The Select statement in your View (edited for readability) ...
CREATE VIEW ldz_from_rec AS
SELECT
l.id AS id,
p.Region AS region,
l.LDZ_Id AS LDZ_Id,
l.LDZ_Exit AS LDZ_Exit
FROM gas_postcode p
JOIN gas_postcode_ldz l ON p.Postcode = LEFT(l.Postcode, 2)
GROUP BY p.Region, l.LDZ_Id, l.LDZ_Exit ;
returns an empty set, so this dataset can't be used to debug the problem query.
There's a more basic problem with the View on which the query is based. Against SQL standards, MySQL allows non-aggregating, non-aggregated columns in Group By queries. Such column results are accurate, however, if and only if there is a unique value of the non-aggregating, non-aggregated column(s) for each unique Group By combination. When that's the case, results in the non-aggregating, non-aggregated column are accurate, but when it isn't, they are arbitrary. We're talking about the ID column. So: what is Group By supposed to achieve in that View?
The query effectively fetches such IDs from a join of this problematic View with a Select Distinct Region subset of itself, hiding the join in a correlated subquery. Which is why I say the query is funky.

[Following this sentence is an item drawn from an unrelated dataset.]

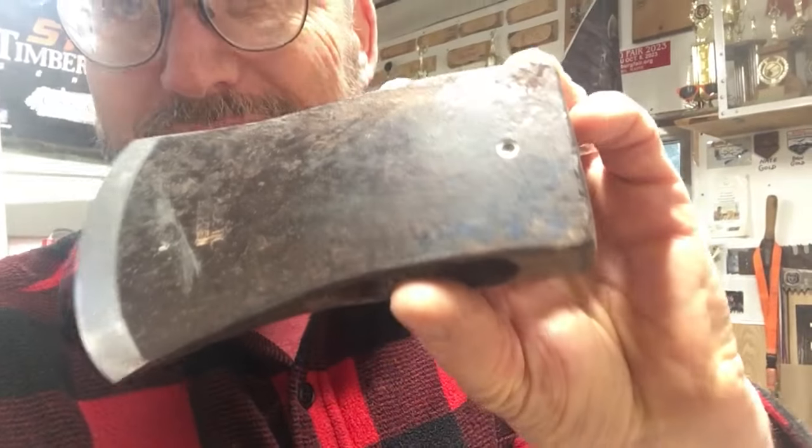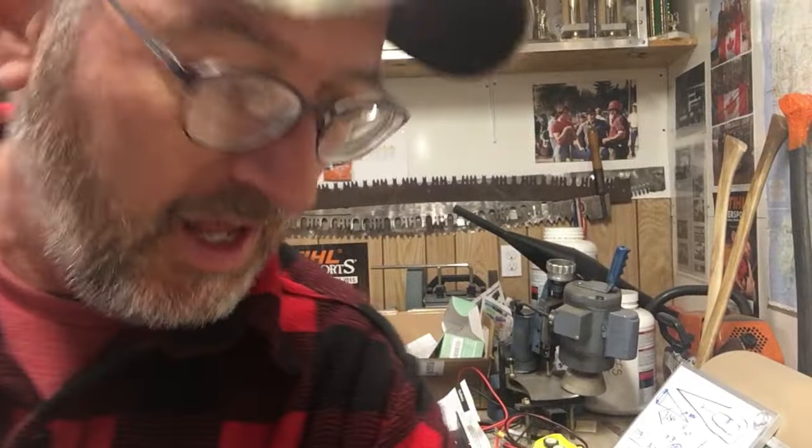Hey gang, East Coast Lumberjack here, welcome to my channel. Today we're going to cover a hot topic — how to keep axes from corroding, from getting rust, from looking like this — which you don't want. I'm going to go over a bunch of different things. I don't have shares in any of these companies, absolutely none. Use whatever you like — if something works for you, have at it.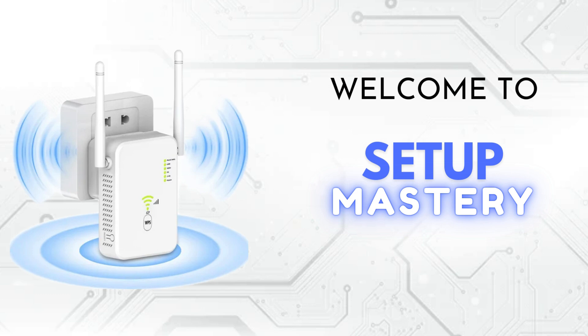Welcome to Setup Mastery, your go-to channel for all things tech. Here, we explore the latest gadgets, unbox cutting-edge devices, and provide step-by-step installation guides to help you optimize your setup. Subscribe now and join our journey to master the art of perfect setups.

To find out if the problematic Group By is the source of the XOR-OR anomaly, lose the Group By in the View in favour of a Select Distinct.
If that doesn't fix the problem, find out if the funky correlated subquery pseudo-join is the source of the problem by rewriting it as a conventional join.
And to further investigate what's going on, inspect the results of ...
select
(select region from ldz_from_rec order by ldz_exit asc limit 1) as ldz_from_rec_region,
distinct1.region as distinct_region
from ( SELECT DISTINCT region FROM ldz_from_rec ) as Distinct1 ;
Edited 2 time(s). Last edit at 08/16/2016 01:19PM by Peter Brawley.